The Swedish saxophonist Martin Küchen is a really nice guy, but also an intense individual whose music has always had a deeply serious undertow to it. Hellstorm, his new vinyl release on the Mathka label is filled with dark musical imagery reflecting horrific events from Berlin and Poland around the end of the war and Sarajevo decades later. A line taken from his father’s war diary; “Man erkennt langsam das elend, das über uns geokommen ist” serves as a kind of subtitle for the release. My German is close to non-existent, but there is something in there about “the misery being nearly upon us”. In his online notes about the album, Küchen states that the music itself stands aside from all of this, not wanting to have anything to do with it all, but then he admits to “forcing” track titles onto the music that link back to the atrocities of war and the human degradation that comes along with it, hiding in the shadows. Drawing clear links to the sounds here from specific events then isn’t possible, but there is a feeling of anger, despair, and deep sorrow in this music that gives it a claustrophobic edge. This is serious, sometimes menacing, always wretchedly despondent atmosphere to the five tracks here. Its not a happy listen but its a very good one.
The first side of the disc opens with a ten minute long piece named Allemagne Anneé Zero (Hellstorm) after a film by Roberto Rossellini depicting the hardships of living in immediately post-war Berlin. This track, a live improvisation, like all of the pieces here, is for baritone sax with an electronic tampoura and detuned radio providing a soft base for not just slow yet piercing shrieks but also a desolate, solemn and stunningly beautiful semi-melody that I dare anyone not to be moved by. The tampoura purrs a grainy drone as Küchen pours everything into this track. Its less abstract than we have learned to expect from Küchen’s solo material, and thoroughly, humanly, despairingly emotional at a very simple level. This track alone makes the album.

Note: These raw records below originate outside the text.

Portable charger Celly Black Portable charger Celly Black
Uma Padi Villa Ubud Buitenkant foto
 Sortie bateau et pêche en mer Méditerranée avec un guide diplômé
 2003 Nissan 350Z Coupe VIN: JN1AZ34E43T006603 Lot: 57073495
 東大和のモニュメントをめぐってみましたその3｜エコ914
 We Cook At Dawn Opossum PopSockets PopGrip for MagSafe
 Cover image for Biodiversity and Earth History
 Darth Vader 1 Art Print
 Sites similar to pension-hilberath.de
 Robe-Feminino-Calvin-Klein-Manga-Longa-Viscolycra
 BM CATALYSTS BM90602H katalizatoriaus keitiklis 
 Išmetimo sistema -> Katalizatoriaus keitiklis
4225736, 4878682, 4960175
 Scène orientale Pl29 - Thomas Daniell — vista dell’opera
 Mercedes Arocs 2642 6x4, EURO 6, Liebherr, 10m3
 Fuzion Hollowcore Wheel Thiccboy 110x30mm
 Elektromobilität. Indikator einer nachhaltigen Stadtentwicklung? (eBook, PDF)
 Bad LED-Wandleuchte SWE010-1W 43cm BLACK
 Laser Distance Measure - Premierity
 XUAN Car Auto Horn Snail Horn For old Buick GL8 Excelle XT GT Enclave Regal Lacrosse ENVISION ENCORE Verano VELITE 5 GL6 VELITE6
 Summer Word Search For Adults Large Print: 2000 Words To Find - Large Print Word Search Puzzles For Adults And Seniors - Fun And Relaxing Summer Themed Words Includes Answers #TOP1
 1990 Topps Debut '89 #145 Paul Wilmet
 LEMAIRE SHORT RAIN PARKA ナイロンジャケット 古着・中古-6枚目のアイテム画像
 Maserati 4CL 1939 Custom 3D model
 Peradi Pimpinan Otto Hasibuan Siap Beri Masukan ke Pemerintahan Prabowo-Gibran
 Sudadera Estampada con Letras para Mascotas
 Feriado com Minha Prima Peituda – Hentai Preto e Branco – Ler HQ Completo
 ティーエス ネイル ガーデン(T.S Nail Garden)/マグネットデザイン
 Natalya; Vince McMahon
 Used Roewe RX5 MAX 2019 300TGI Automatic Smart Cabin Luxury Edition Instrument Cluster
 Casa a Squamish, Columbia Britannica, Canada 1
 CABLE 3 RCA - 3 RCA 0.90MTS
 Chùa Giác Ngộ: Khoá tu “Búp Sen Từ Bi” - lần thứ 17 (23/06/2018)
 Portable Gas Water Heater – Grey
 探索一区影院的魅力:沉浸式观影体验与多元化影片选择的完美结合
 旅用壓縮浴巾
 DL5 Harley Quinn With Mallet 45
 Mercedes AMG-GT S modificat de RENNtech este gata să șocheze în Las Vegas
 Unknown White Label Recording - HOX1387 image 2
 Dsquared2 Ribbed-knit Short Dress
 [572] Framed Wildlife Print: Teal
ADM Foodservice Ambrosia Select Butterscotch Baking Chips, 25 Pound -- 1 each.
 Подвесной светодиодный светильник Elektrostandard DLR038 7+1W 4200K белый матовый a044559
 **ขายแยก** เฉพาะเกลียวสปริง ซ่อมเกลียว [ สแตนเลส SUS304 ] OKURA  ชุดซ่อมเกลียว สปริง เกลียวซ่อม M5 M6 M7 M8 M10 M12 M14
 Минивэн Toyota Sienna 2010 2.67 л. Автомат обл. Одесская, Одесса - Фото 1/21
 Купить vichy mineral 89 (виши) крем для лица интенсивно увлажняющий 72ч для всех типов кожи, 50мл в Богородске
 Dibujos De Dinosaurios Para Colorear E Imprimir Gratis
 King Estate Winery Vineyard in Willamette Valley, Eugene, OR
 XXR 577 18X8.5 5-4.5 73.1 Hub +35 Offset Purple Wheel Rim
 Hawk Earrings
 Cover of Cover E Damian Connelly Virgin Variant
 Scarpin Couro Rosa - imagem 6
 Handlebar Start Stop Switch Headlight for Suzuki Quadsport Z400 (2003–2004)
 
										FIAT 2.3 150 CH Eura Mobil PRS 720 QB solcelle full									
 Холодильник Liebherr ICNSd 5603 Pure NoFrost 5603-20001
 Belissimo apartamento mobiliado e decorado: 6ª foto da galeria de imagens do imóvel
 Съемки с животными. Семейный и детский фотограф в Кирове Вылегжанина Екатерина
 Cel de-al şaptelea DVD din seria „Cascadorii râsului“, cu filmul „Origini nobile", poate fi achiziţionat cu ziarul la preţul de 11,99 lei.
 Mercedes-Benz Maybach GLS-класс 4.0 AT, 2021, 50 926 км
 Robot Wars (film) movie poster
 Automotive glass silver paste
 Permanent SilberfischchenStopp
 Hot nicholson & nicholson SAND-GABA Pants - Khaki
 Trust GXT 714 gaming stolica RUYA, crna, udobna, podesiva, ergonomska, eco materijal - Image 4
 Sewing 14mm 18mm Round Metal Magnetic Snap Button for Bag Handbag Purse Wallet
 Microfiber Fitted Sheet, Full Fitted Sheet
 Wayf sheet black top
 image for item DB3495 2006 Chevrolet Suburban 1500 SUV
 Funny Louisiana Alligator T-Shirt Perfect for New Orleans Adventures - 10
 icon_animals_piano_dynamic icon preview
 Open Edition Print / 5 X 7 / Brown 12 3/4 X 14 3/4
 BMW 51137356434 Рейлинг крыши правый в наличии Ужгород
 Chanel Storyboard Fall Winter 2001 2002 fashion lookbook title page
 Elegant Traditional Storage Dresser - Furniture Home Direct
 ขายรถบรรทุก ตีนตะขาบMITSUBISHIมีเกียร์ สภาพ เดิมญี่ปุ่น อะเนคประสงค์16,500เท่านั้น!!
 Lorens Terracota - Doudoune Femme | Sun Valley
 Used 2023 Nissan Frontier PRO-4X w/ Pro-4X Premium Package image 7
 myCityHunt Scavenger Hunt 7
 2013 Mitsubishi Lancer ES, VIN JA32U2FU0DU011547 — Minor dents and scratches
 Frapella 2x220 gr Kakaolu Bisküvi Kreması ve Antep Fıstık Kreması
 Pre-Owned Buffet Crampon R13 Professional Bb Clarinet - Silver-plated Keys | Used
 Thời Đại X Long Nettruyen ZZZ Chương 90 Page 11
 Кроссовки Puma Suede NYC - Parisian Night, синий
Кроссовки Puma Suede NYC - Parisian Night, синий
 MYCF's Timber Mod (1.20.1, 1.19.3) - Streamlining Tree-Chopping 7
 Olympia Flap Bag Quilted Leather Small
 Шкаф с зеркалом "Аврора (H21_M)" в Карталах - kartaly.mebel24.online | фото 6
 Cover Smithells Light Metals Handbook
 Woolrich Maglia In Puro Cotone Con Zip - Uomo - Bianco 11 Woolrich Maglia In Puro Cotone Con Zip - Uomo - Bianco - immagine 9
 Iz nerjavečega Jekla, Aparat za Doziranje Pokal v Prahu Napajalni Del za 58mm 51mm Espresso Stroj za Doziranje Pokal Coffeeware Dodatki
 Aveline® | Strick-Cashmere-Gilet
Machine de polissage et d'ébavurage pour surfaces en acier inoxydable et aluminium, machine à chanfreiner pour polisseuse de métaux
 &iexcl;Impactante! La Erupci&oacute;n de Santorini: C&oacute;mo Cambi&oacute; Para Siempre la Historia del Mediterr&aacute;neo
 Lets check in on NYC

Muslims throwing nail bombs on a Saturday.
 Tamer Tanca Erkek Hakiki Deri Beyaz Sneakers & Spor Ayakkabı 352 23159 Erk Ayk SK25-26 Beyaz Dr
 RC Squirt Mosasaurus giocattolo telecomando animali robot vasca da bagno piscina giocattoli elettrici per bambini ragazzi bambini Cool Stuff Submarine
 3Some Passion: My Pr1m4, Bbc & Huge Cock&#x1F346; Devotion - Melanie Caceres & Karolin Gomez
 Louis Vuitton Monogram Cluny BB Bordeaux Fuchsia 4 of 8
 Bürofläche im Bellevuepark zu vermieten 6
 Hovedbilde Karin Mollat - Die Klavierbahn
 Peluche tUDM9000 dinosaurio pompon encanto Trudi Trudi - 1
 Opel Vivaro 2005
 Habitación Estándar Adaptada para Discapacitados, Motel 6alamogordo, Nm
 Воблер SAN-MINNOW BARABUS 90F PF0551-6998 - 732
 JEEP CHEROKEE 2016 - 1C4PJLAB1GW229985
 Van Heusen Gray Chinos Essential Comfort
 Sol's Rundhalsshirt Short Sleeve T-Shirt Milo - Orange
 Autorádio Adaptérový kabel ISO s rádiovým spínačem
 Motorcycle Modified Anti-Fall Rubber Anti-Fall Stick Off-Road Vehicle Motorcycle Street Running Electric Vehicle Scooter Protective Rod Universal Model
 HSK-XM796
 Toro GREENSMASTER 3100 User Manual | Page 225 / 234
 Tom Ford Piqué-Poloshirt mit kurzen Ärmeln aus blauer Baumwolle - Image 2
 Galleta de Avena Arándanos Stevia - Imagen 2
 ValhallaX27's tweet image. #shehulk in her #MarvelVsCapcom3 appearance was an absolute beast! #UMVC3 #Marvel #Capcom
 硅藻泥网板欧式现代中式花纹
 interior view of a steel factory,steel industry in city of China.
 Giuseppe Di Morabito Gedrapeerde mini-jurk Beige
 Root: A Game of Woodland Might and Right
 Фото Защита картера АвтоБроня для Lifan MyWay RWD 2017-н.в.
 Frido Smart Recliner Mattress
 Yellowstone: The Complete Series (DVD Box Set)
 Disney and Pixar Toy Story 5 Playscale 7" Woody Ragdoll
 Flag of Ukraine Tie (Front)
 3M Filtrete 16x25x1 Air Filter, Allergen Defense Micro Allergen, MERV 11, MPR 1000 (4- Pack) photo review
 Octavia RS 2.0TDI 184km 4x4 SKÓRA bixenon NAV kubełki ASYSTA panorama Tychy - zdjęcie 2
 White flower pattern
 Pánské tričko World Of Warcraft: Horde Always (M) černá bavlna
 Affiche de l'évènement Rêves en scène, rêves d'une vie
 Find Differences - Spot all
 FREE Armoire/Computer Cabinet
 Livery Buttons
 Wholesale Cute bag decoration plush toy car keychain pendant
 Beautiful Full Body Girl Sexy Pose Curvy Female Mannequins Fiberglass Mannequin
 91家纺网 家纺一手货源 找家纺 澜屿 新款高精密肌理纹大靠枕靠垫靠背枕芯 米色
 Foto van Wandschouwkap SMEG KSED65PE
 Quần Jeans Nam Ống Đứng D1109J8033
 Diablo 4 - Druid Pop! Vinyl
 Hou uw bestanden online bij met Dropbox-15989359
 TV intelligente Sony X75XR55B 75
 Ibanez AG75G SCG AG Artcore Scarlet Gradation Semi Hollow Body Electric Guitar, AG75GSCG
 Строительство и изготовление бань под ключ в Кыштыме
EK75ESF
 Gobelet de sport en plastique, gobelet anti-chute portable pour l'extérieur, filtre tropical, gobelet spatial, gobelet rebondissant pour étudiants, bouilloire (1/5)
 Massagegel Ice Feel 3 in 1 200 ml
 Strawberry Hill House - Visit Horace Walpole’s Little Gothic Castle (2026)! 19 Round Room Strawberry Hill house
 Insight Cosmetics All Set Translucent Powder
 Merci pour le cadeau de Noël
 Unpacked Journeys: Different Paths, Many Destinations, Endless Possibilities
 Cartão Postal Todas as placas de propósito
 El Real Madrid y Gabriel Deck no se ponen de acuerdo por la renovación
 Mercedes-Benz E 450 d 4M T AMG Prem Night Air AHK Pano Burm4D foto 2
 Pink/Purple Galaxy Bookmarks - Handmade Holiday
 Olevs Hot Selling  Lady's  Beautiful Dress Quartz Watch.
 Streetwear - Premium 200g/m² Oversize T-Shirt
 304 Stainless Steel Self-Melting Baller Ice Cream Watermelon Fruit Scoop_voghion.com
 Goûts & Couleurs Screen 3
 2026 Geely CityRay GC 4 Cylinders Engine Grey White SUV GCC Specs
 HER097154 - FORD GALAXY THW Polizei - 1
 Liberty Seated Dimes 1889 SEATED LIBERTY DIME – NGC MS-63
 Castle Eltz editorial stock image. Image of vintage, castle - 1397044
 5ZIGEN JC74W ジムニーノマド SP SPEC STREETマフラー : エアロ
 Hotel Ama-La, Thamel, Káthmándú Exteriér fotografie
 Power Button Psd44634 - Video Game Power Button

The remaining four pieces are equally intense affairs, staying slow, searching, but the music returns to the more abstract, breathy explorations of the sax we have come to expect from Martin rather than the more soulful feel of the opener. All of the tracks here were recorded together, in one take, inside a large resonant church in snowbound Sweden, late in 2010. Thought the first half of the first side exudes a deeply personal intensity, everything here feels immediate, very human and the connection of the sounds to the person making them, however abstract them may be, alway seems very real and tangible. Whatever he says about the music’s avoidance of the themes driving this release, they are in there, closely entwined around every hiss, purr and squeal.
Hellstorm is Martin Küchen’s fourth solo album, and the finest yet, which is saying something, as the last couple were excellent records. Küchen achieves something special in his solo music in that he is always reaching forward for new sounds, shapes, approaches , and yet he also manages to keep everything very close and personal. He achieves music that pushes at both personal and genre-bending boundaries and yet retains a deeply felt level of passion and soul in his music not often tied to such an area of work. Very impressive then, and a record that left me wanting to read more about the events driving and haunting Küchen as much as it made me want to put the needle back onto the record again.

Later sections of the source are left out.